**About this exercise**
For every line below, restate it exactly and drop the images.

(Short web captions)
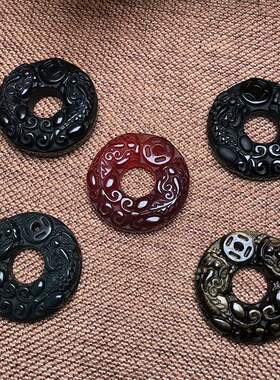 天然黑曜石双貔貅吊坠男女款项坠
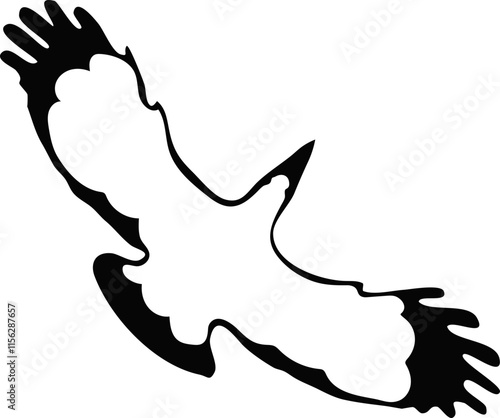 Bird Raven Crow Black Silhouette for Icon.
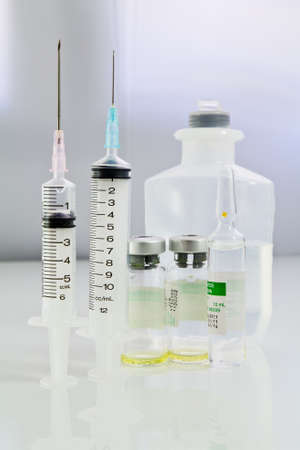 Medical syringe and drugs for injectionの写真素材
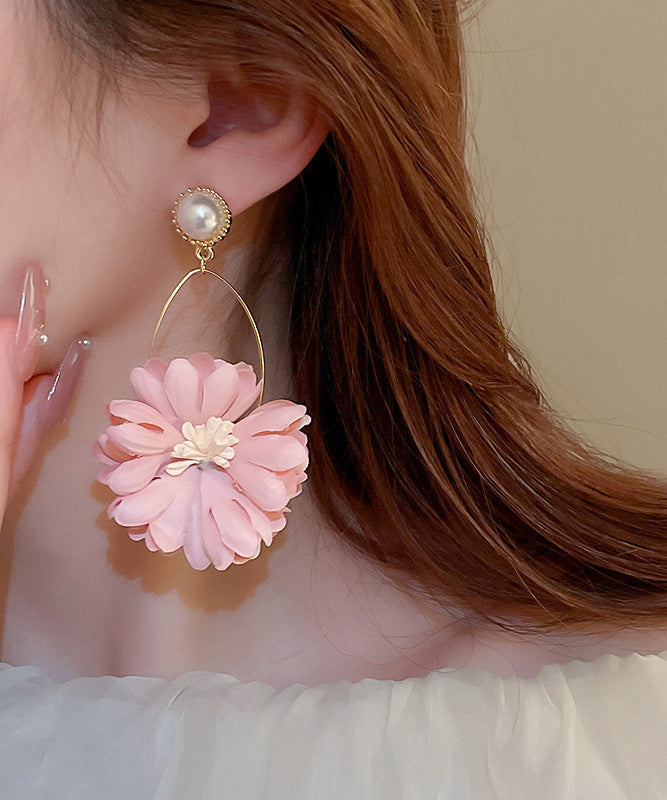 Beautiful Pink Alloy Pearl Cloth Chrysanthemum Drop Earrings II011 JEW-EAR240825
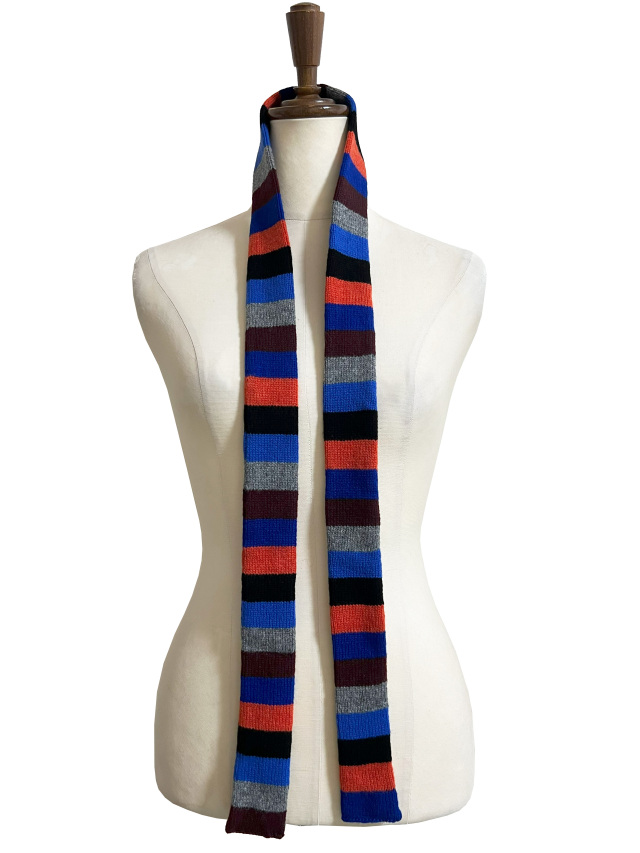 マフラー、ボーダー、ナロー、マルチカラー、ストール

**Task response**
 天然黑曜石双貔貅吊坠男女款项坠
 Bird Raven Crow Black Silhouette for Icon.
 Medical syringe and drugs for injectionの写真素材
 Beautiful Pink Alloy Pearl Cloth Chrysanthemum Drop Earrings II011 JEW-EAR240825
 マフラー、ボーダー、ナロー、マルチカラー、ストール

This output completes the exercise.